Par Sébastien Bouthillier

Race convoque le spectateur du Théâtre Jean-Duceppe comme juré. La pièce le confronte à ses préjugés, mais le plonge aussi dans la bonne conscience qu’il se donne pour s’en excuser. Ses pensées sur les rapports hommes-femmes, riches-pauvres, jeunes-vieux et Noirs-Blancs l’acculeront à la honte. Du moins, c’est ce que veulent éviter les avocats assumant la défense dans un cas de sévices sexuels.

Un riche homme blanc (Henri Chassé) accusé du viol d’une pauvre femme noire est défendu par deux avocats associés, un Blanc et un Noir (Benoît Gouin et Frédéric Pierre). La question est loin d’être s’il a réellement commis l’acte dont on l’accuse. Les procureurs chercheront l’élément spectaculaire qui impressionnera le jury et qui le détournera de la rectitude politique commandant qu’il déclare l’accusé coupable.
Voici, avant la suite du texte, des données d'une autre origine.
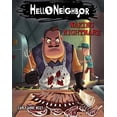 thumbnail image 1 of Waking Nightmare (Hello Neighbor, Book 2) (Paperback) by Carly Anne West, 1 of 1
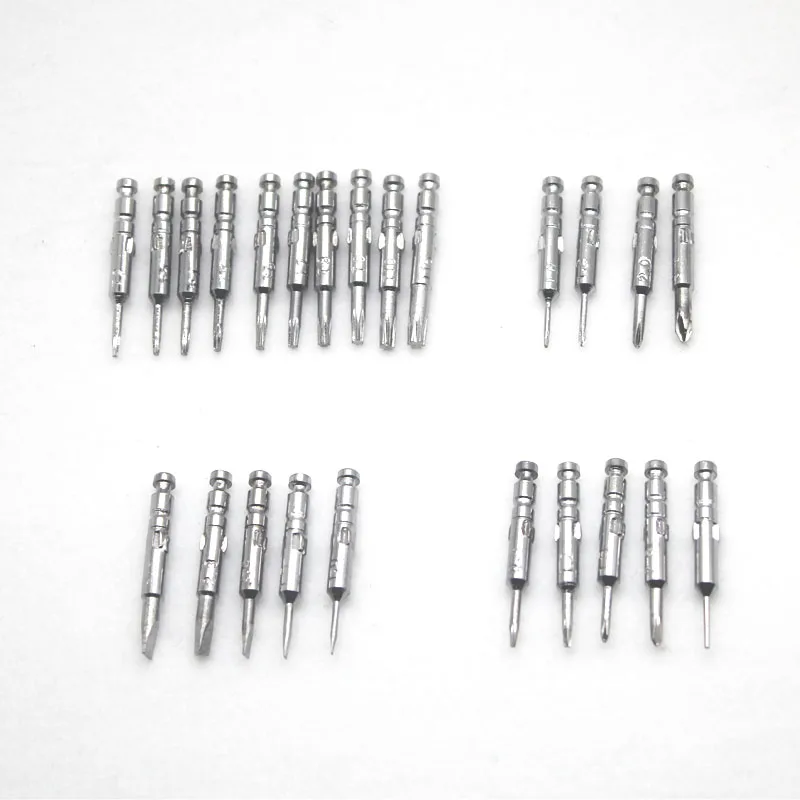 25 in 1 Handheld Screwdriver Disassemble Repair tools Kit Bag for DJI Phantom 3 4 4pro mavic pro air spark mavic 2 pro zoom Drone  1 (3)
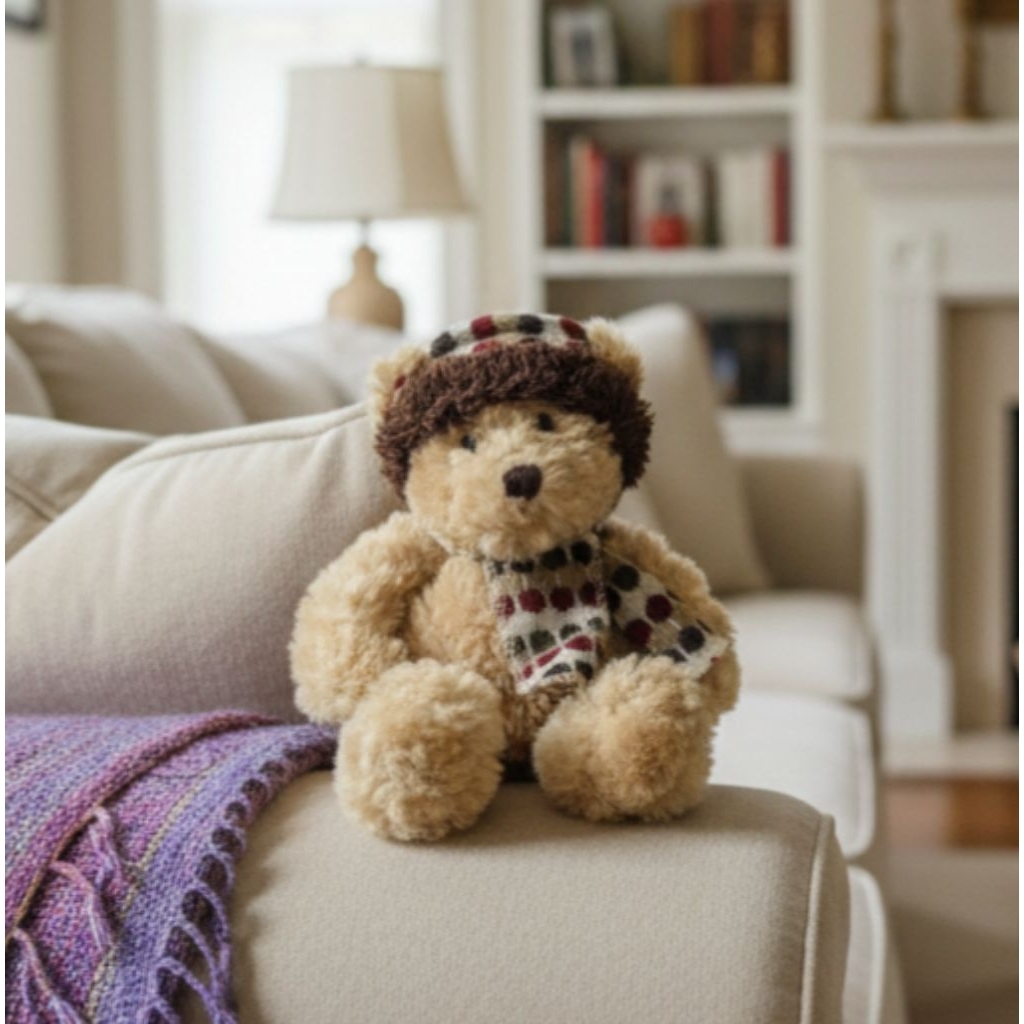 Teddy bear ตุ๊กตา​หมี Anee park 🧸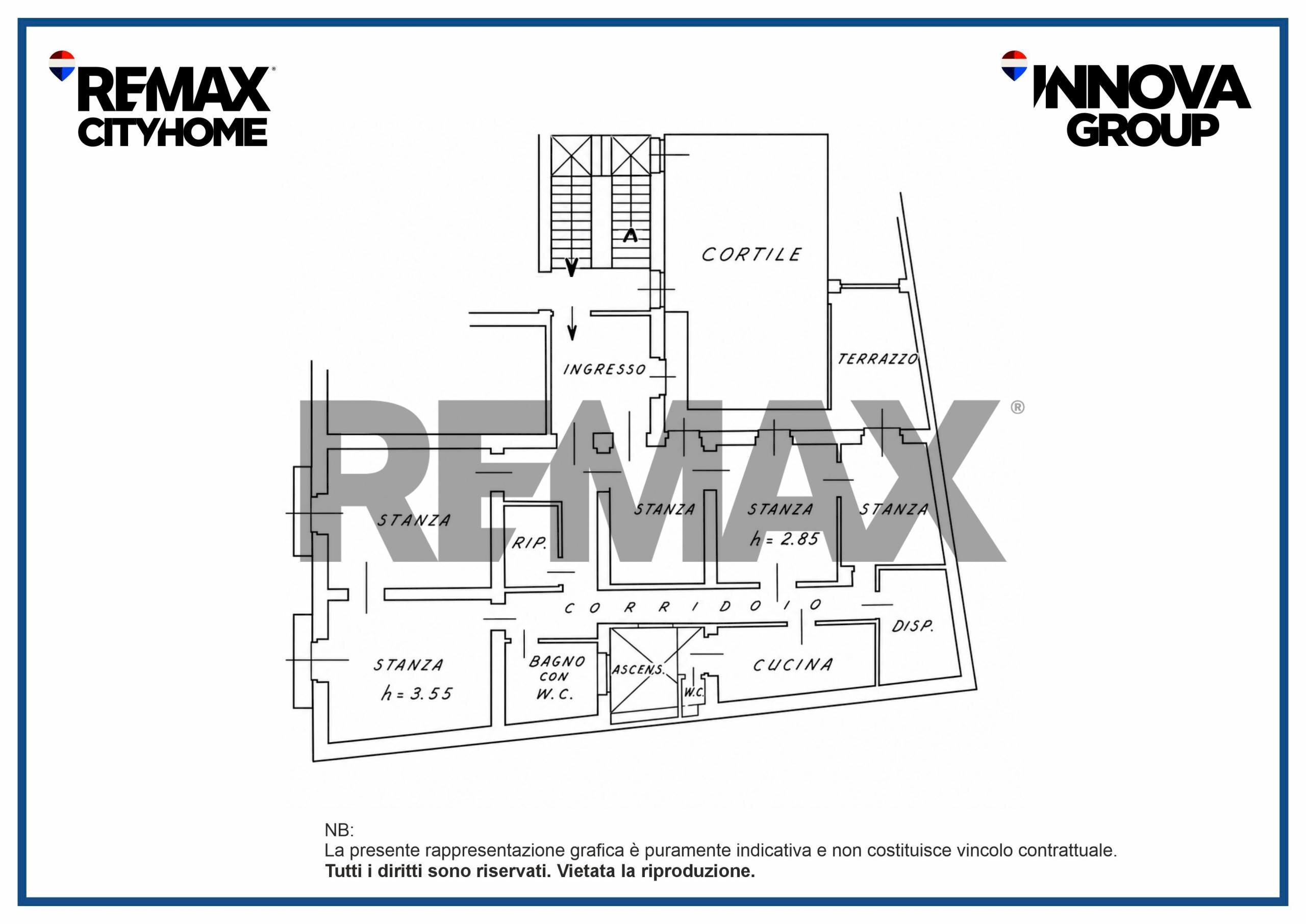 Pianta 2D - Apartment via manzoni
 
10, Messina - floor plans 1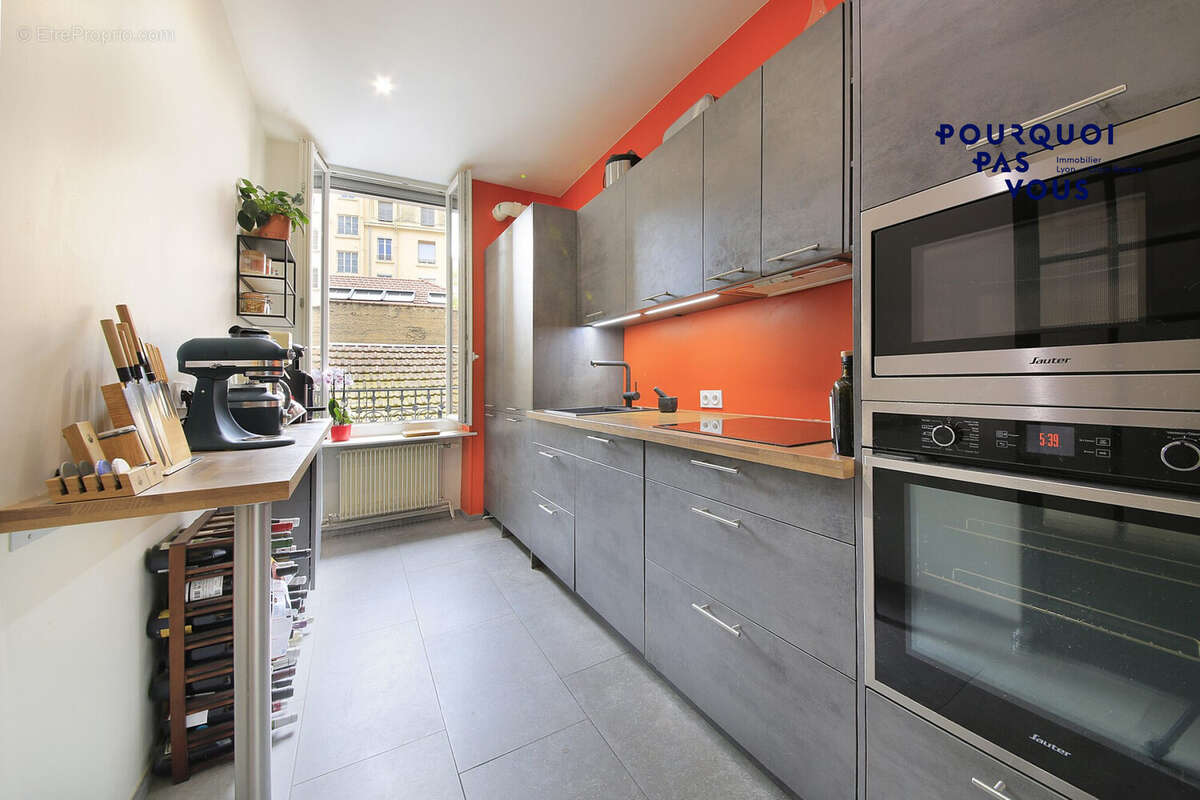 Appartement à LYON-3E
Pour David Mamet, auteur de la pièce, la vérité importe peu. « La race, comme le sexe, est un sujet sur lequel il est impossible de dire la vérité. Dans chaque cas, le désir, l’intérêt personnel et l’image de soi font que la vérité est embarrassante à partager, non seulement avec des étrangers, mais aussi avec les membres de son propre groupe, et certainement avec soi-même », selon une déclaration de cet Américain au New York Times.

Les répliques fusent comme des sentences assénées par saccades, sans appel possible. Courtes, comminatoires, virulentes. Grâce à la traduction québécoise de Maryse Warda, le rythme devient presque musical.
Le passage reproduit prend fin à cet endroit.